### DATA EXTRACT

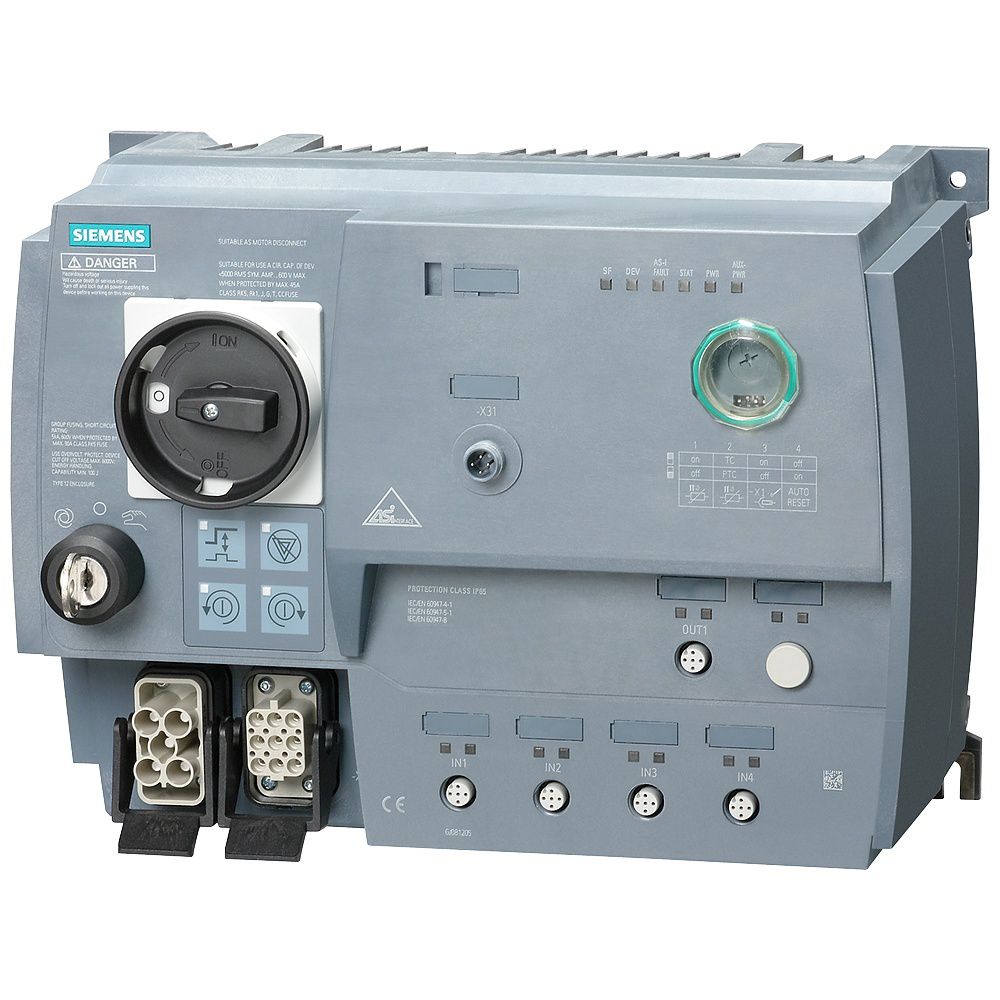 Siemens Motorstarter 3RK1315-6KS41-2AA0 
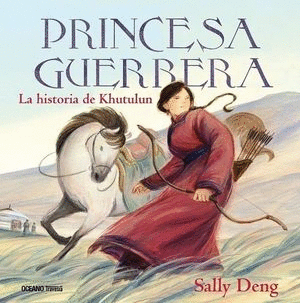 PRINCESA GUERRERA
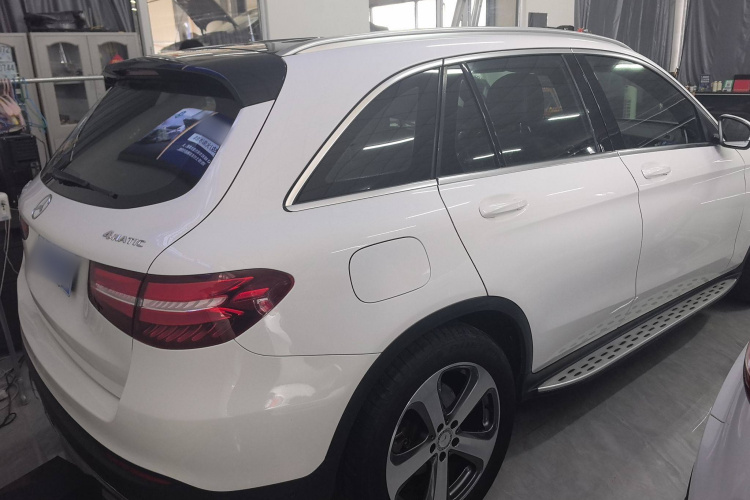 奔驰GLC 2016款 GLC 260 4MATIC 豪华型车身外观6003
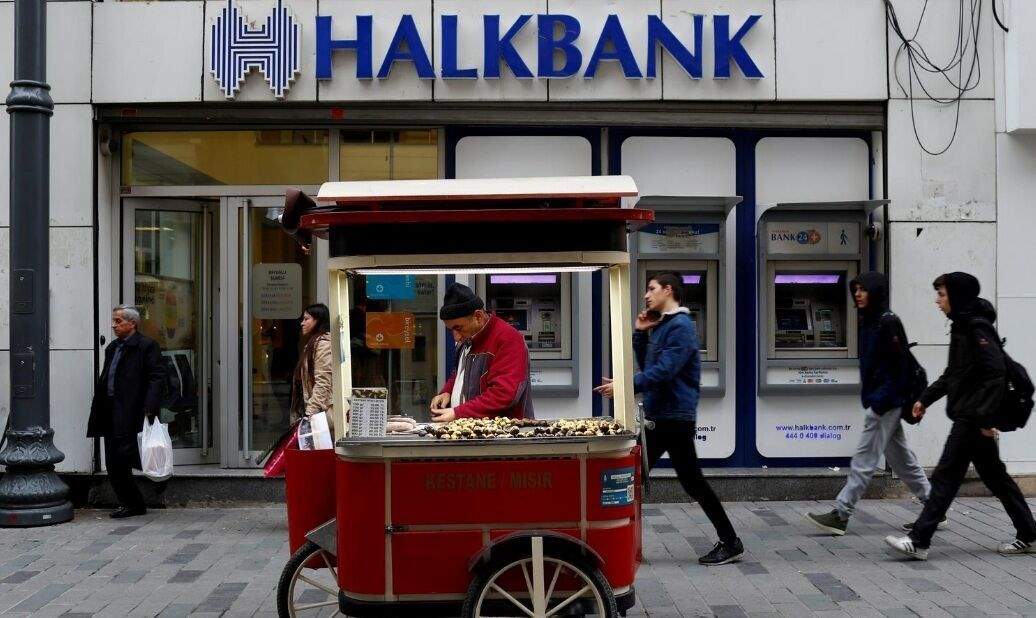 مقامات قضایی امریکا خواستار افزایش جریمه هالک بانک ترکیه شدند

######

WORK INSTRUCTIONS :: Write the listing out a second time exactly, dropping all images.

TASK ANSWER ::
 Siemens Motorstarter 3RK1315-6KS41-2AA0 
 PRINCESA GUERRERA
 奔驰GLC 2016款 GLC 260 4MATIC 豪华型车身外观6003
 مقامات قضایی امریکا خواستار افزایش جریمه هالک بانک ترکیه شدند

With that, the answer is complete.